The German East Asiatic Squadron, consisting of the armoured cruisers Schanhorst and Gneisienau and several light cruisers made passage across the Pacific to the west coast of South America where they encountered and sank two British cruisers, the Monmouth and Good Hope, before themselves being sunk off the Falkland Islands.
The Konigsberg operated from Germany’s colony of Tanga. After sinking a British cruisershe hid in the upper reaches of the Rufiji River. After a lengthy naval and air campaign by British forces she was finally destroyed by the indirect fire from two RN Monitors.
By the middle of 1915 the high seas had been mostly cleared of German surface warships, but three armed German ships dominated Lake Tanganyika. Two British armed motor boats were shipped to the West African coast from England where they made their way by river and an overland haulage to the lake, a 400 mile journey. The result was the destruction of the German gun boats and the invasion of Tanganyika by British forces. This operation became the inspiration for CS Forester’s novel The African Queen and the film that followed.

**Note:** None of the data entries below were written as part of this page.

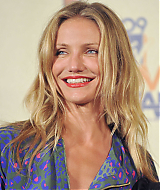 Filename=027.jpg
Filesize=387KiB
Dimensions=1621x2000
Date added=May 26, 2024 027.jpg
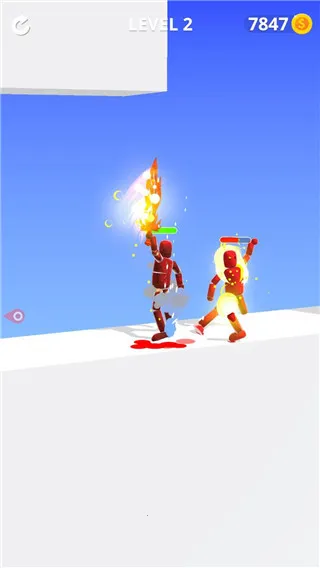 ����������ð��Ӣ��2026�ٷ����°汾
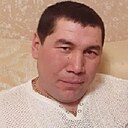 Знакомства: Абдуали, 42 года, Сургут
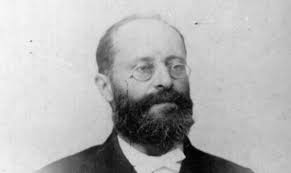 Exhuming Rev. Jan Teves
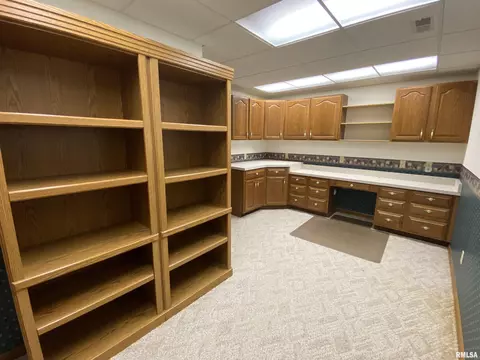 Other - 1480 State Route 100 Hwy, Bluffs, IL 62621 photo 15 of 41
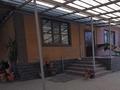 Отдельный дом · 4 комнаты · 84 м² · 6 сот., Аксай за 65 млн ₸ в Коксай (пути Ильича) — фото 2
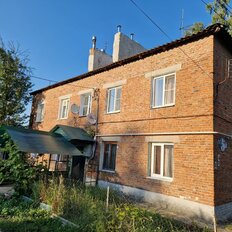 Квартира 28,3 м², 1-комнатная - изображение 2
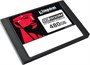Внутренний твердотельный накопитель Kingston DC600M 480GB 1045036986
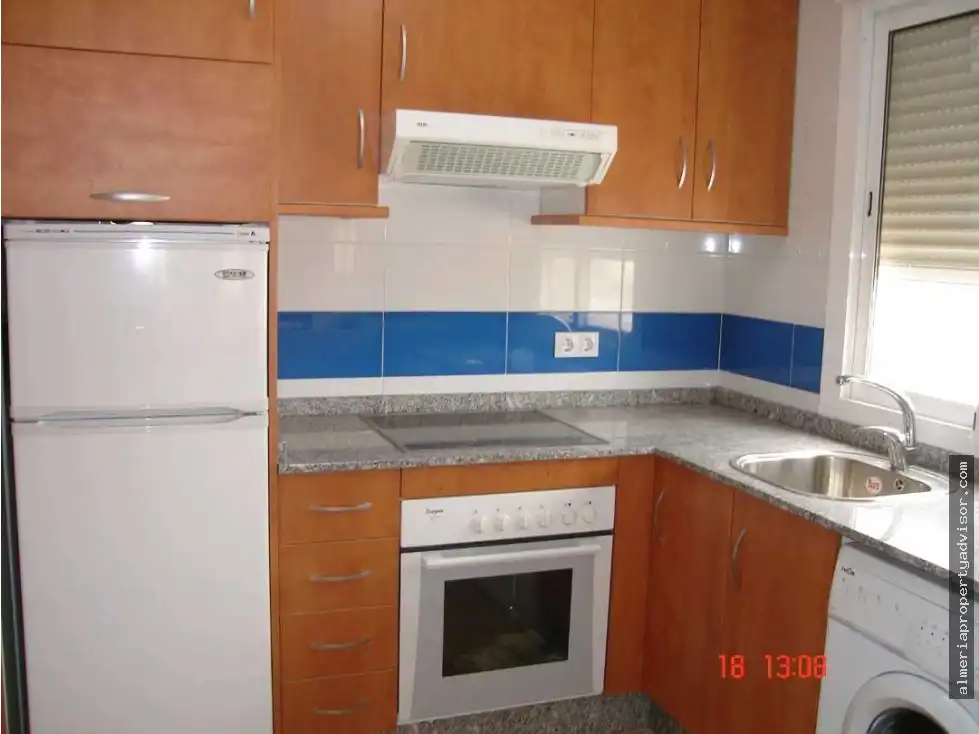 Apartament en venda a Turre, imagen 4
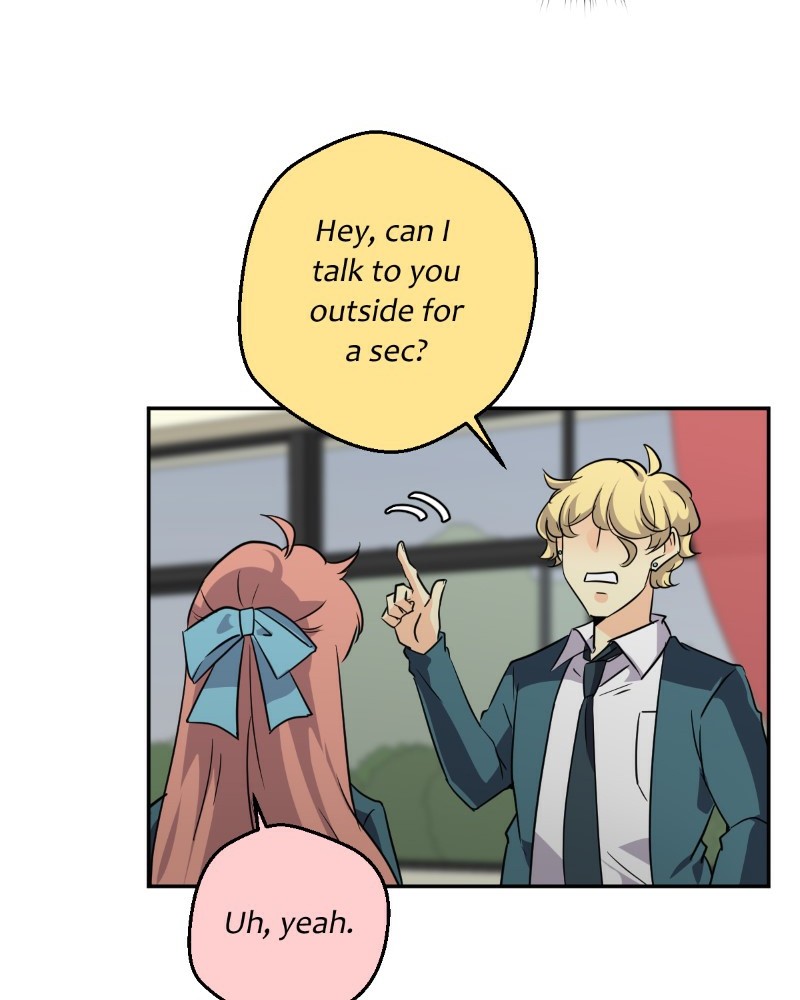 unOrdinary chapter 208 page 123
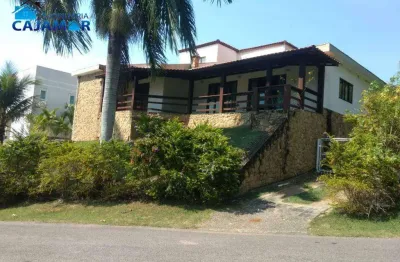 Casa com 3 quartos à venda na Avenida Brasil, 33, Centro, Itupeva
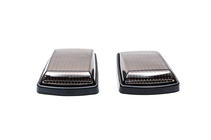 Mercedes G class W463 1990-2018 Clignotants Mansor (2 pcs) photo 1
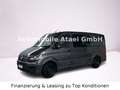 Volkswagen Crafter 35 Automatik *MIXTO* LED+KAMERA (3175) Gris - thumbnail 1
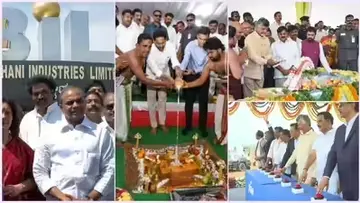 kadapa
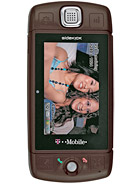 Best available price of T-Mobile Sidekick LX in Moldova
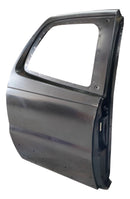 Porta Traseira Direita Strada Adventure 2013 A 2019 92890534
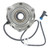 CR Seals BR930097 VSM BEARING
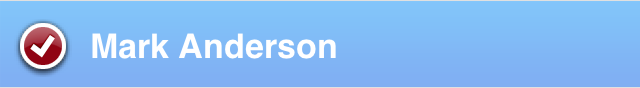 Datei:ItemEditAppearance-ListItemShowCheck-Selected-iOS.png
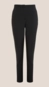 calça elastico adriana dudalina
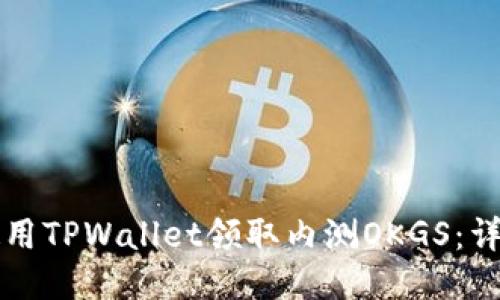 如何使用TPWallet领取内测OKGS：详细指南
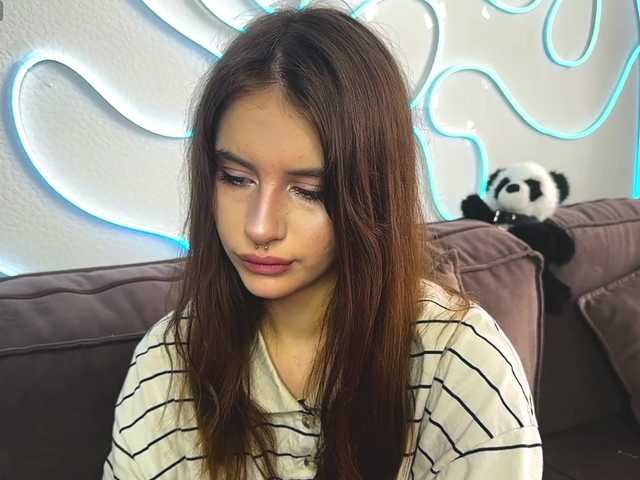 kissnotilt live cam on BongaCams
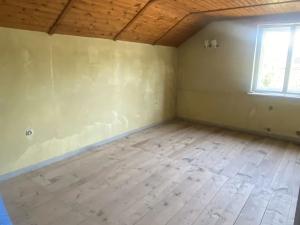 Prodej rodinného domu, Český Dub, Řídícího učitele Havla, 150 m2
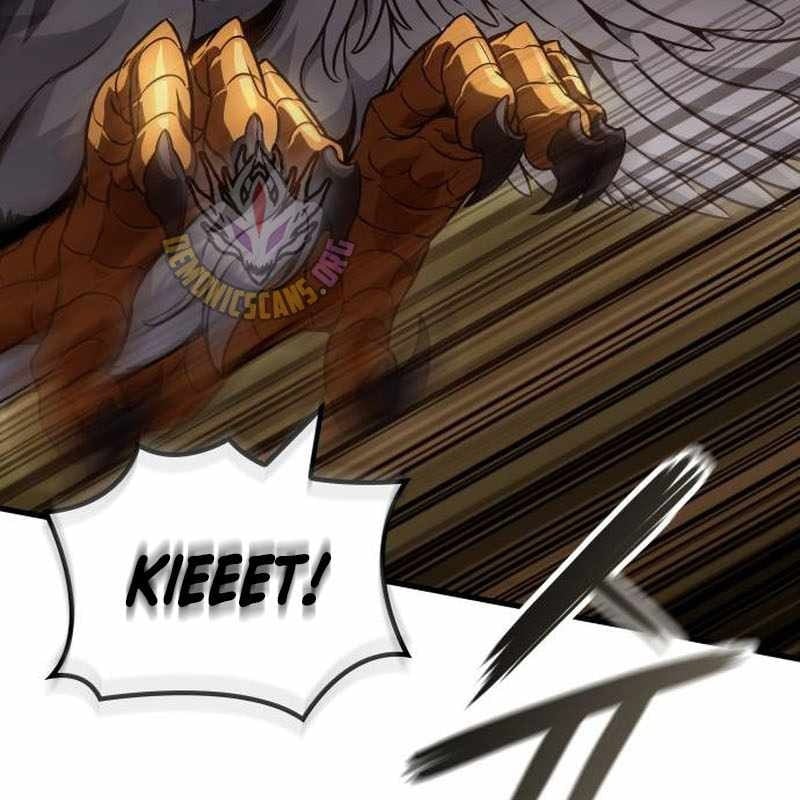 Sử Thi Valhalla: Chapter 34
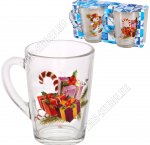 Кружка набор 2шт 300мл 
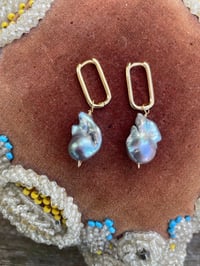 Image 3 of Black Pearl Drops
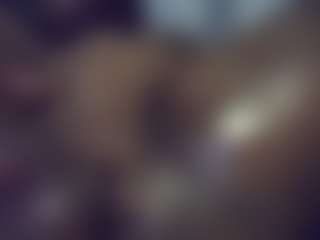 Freakybrula's Live Sex Cam Show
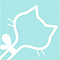 Go to the profile of Dun
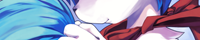 t_mumu_01.png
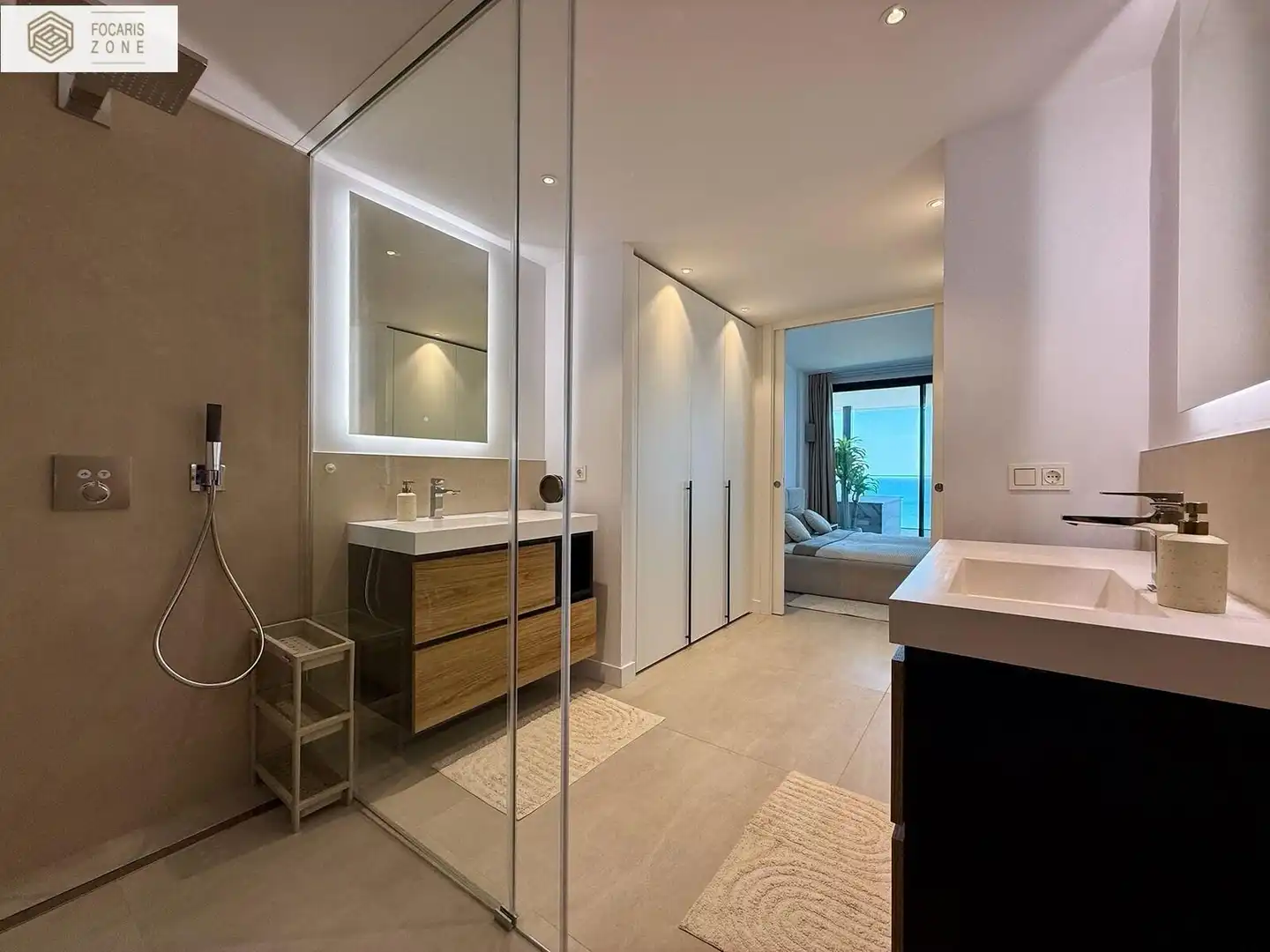 Appartement avec terrasse à vendre à Calle Alba, imagen 10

HUNTERS AND THE HUNTED The Elimination of German Surface Warships Around the World 1914-15
This well-written and profusely illustrated book tells the story of the elimination of Germany’s surface raiders by the Royal Navy at the outset of nthe Great War. Among the actions narrated are the hunting of the Emden, the Goeben and the sinking of Von Spee’s Scharnhorst and Gneisenau off the Falklands after they had destroyed a British squadron at Coronel. The last ship to go was the Konigsberg, hunted down in East Africa and the basis for CS Forester’s story The African Queen.